Les artistes dits « maudits » dont l’œuvre est reconnue et célébrée après leur disparition n’existent pas vraiment dans le domaine de la chanson*. Et, hormis quelques hurluberlus, nul auteur-compositeur « épargné par le succès » ne peut croire raisonnablement à une reconnaissance posthume.
Alors pourquoi continuer à écrire quand même ? « On écrit pour ses voisins ou pour Dieu », disait Jean-Paul Sartre dans Les mots. Il avait dû réfléchir à la question puisque son métier était de philosopher.
C’est très bien, mais si l’on ne croit pas en l’existence d’un dieu quelconque et si nos voisins ont l’oreille récalcitrante, pour qui ou quoi écrit-on alors ?

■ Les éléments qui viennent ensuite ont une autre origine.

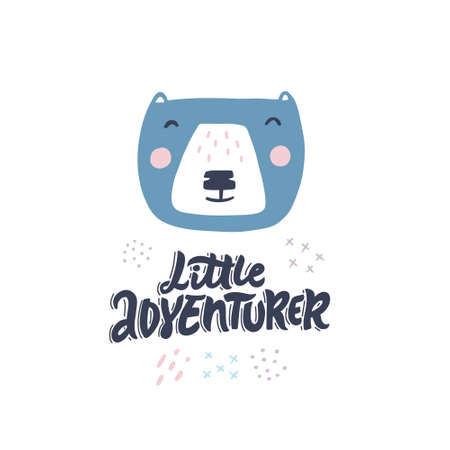 Little adventurer hand drawn color vector lettering. Cute animal in scandinavian style flat illustration. Wild bear and inscription calligraphy on white backdrop. Child t shirt design ideaのイラスト素材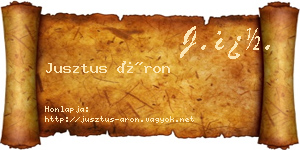 Jusztus Áron névjegykártya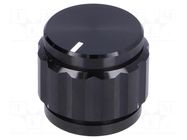 Knob; with pointer; aluminium; Øshaft: 6.35mm; Ø22x19mm; black SR PASSIVES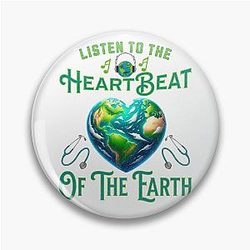 Earth Day Heartbeat Of The Earth Pin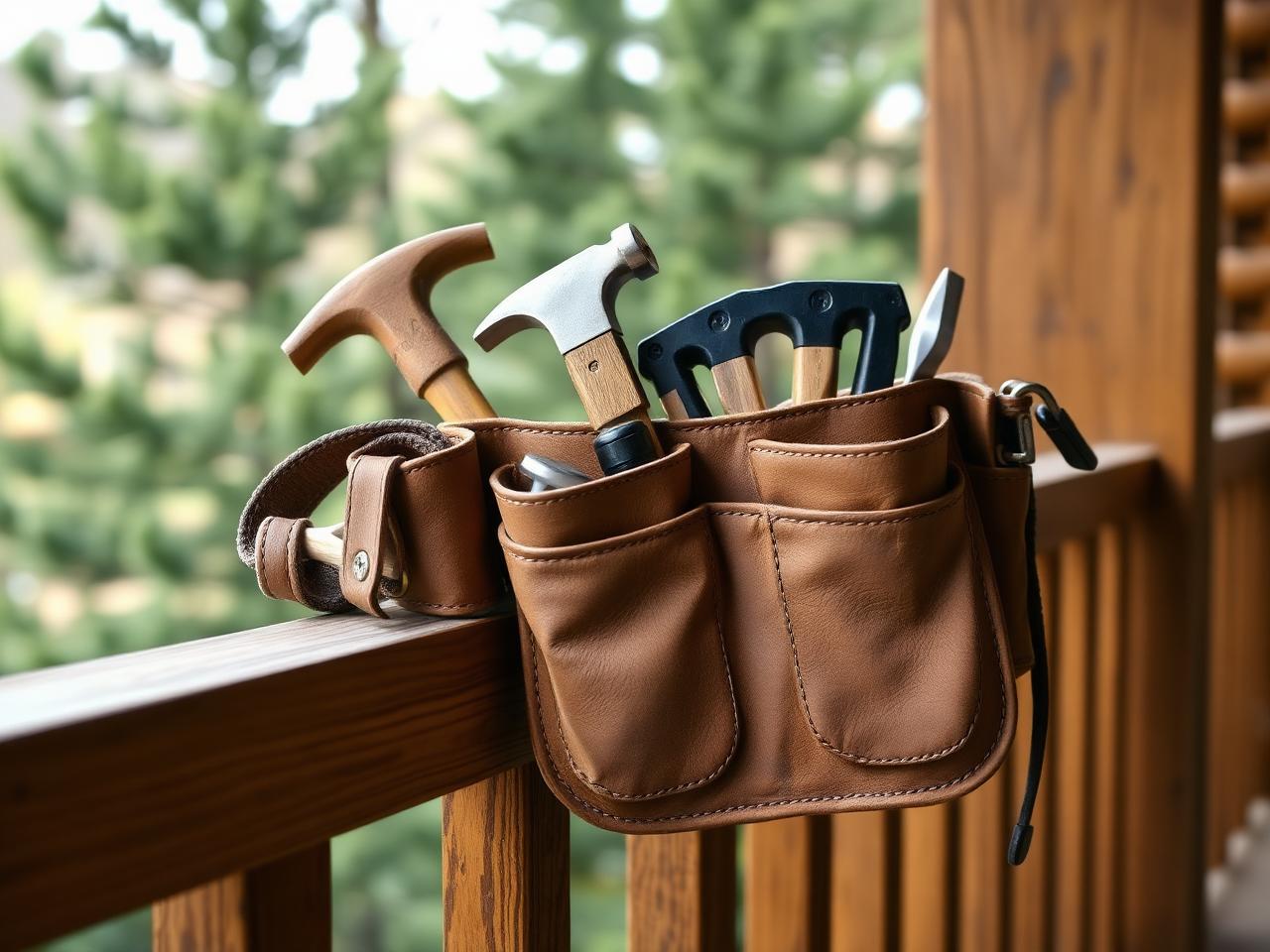 Worn leather handyman tool belt on a cabin porch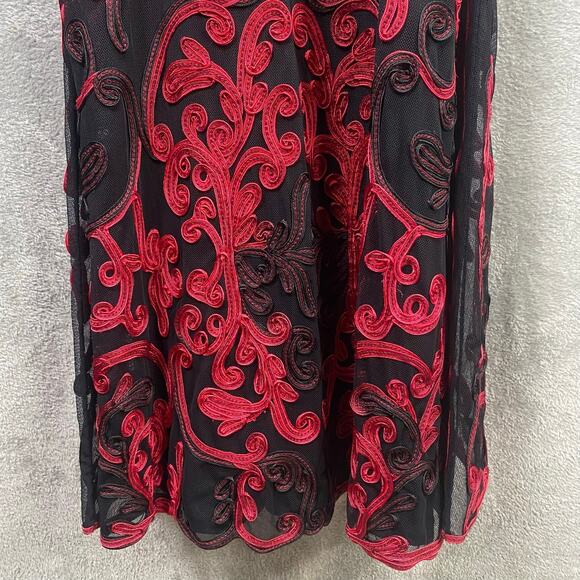 Y2k Midi Dress Size 8 Black Red Floral Embroidered Fairy Grunge Whimsigoth Party - Picture 10 of 16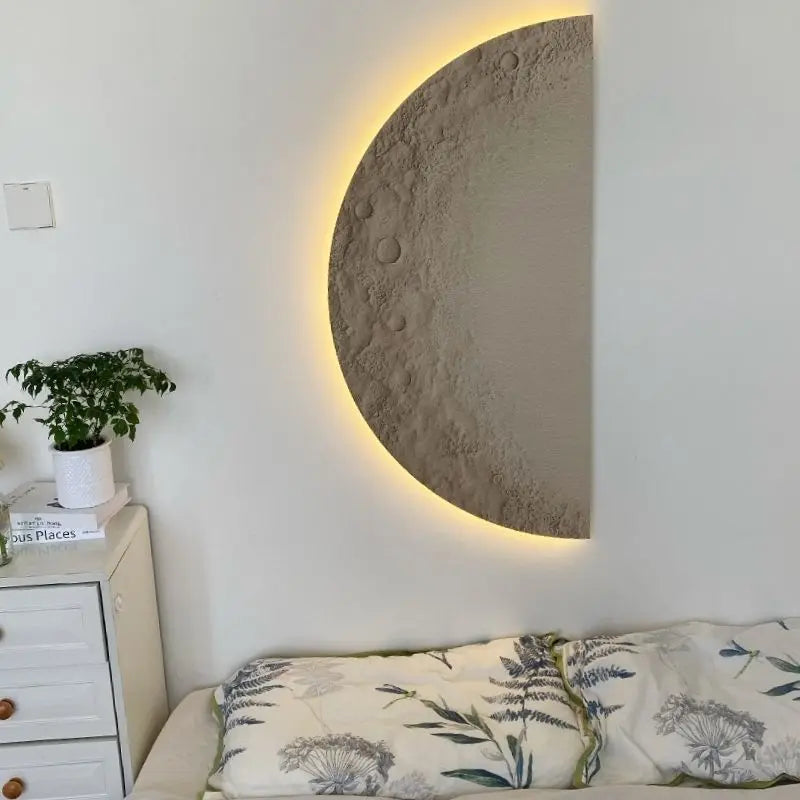 Remote Control Dimming Wall Painting Lamp Creative Minimalist Living Room Background Wall Decor LED Moon Painting Wall Lights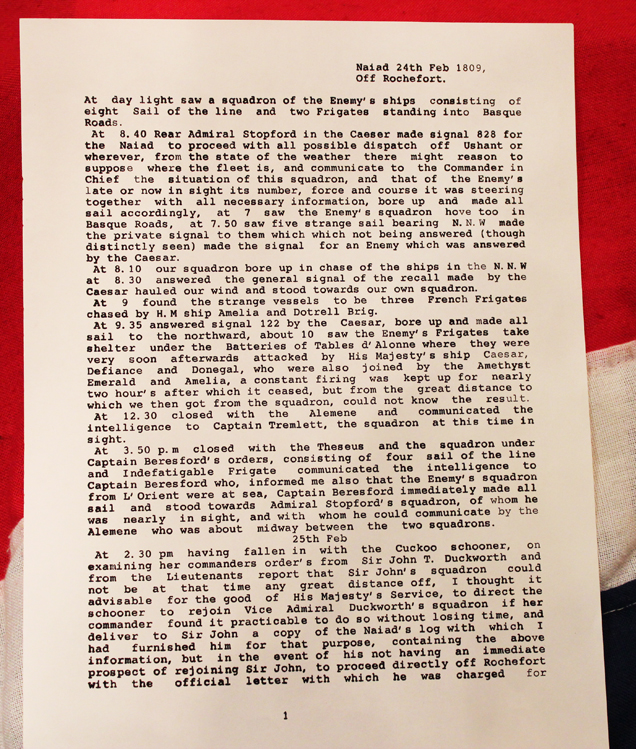 Intelligence Report From Nelson's Trafalgar Captain, Captain Dundas Aboard HMS Naiad, A Historically Significant Piece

Quand j’étais encore lycéen, j’avais rencontré un prof, poète à ses heures (à moins que ce ne fut l’inverse, un poète prof à ses heures ! ) et je lui avais demandé (je ne sais comment c’était venu) s’il écrivait pour la postérité. Il m’avait répondu qu’il écrivait « pour l’éternité ! », je n’avais pas compris cette réponse (et ne la comprends toujours pas), mais elle m’avait frappé. Sans doute voulait-il dire qu’il écrivait pour demain, mais aussi pour hier et aujourd’hui, pour toujours et pour jamais.
Je me suis personnellement posé souvent la question : pourquoi continuer à écrire des chansons alors que le public que je peux toucher est minuscule ? L’exercice est un peu vain.

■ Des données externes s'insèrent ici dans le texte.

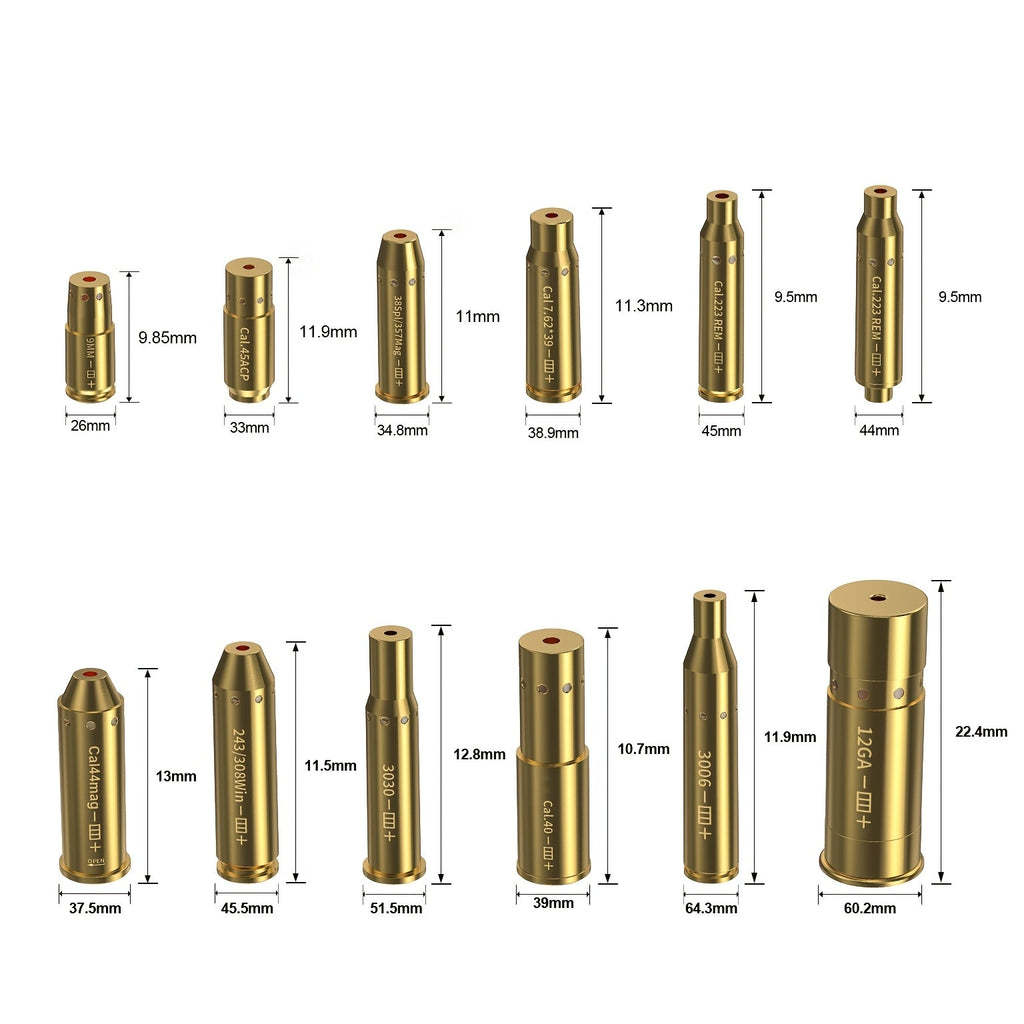 Red Laser Bore Sighter Multi-Caliber Firearm Sight Alignment Tool for 9mm, 223rem, 308win, 45ACP, 7.62, 40SW, 30-06, 38SPL, 12GA, 44Mag, 6.5mm, Copper Alloy Barrel Mount, 3 Battery Sets Included – Rifle, Pistol, Shotgun Accessory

Peut-être qu’on écrit pour soi-même ? Mais alors, pourquoi montrer ce qu’on écrit, même de temps à autre ? C’est ambigu…
Pourtant, comme l’âge avance, une réponse toute simple s’impose à moi doucement : on peut très bien continuer à écrire et composer des chansons parce que c’est un passe-temps plaisant, comme la broderie, la pêche à la ligne, les jeux de société, les patiences… Bref, quelque chose que l’on a du plaisir à faire, une fois satisfaites les urgences de la vie quotidienne.
Si l’on débarrasse l’acte de « création » du mythe qui l’entoure, cette réponse devient très acceptable et peut même paraître plus juste que bien d’autres hypothèses.
Hélas, le mythe de l’artiste et de la création ex nihilo a la vie dure. Il est souvent entretenu par les chanteurs eux-mêmes, qui « entrent » en écriture ou en studio comme on entre en religion. Sans oublier la fascination que le mot « artiste » semble exercer sur nos esprits. Il est employé à tout bout de champ, même pour le premier venu qui se lance à monter sur une scène avec sa guitare ou son ukulélé. « Artiste », un état au-delà du raisonnable, en lien direct avec l’inspiration venue du ciel ! Quelque chose qui relève de la magie !
Alors bien sûr, ramener cette activité à une simple occupation comme la broderie, il y a de quoi en agacer plus d’un. Je m’arrête donc là, mais je pourrais broder sur le sujet pendant des heures.
Pierre Delorme
* Boby Lapointe est un des rares à avoir connu un regain de succès après sa disparition, ses chansons ont été davantage diffusée à la radio et il est devenu une sorte de référence dans le domaine de la chanson loufoque.
» Pour Qui … ? »
On peut, par exemple, proposer la réponse du regretté Julos (parti rejoindre sa « Loulou » il y a peu) … » Je Chante Pour Vous » …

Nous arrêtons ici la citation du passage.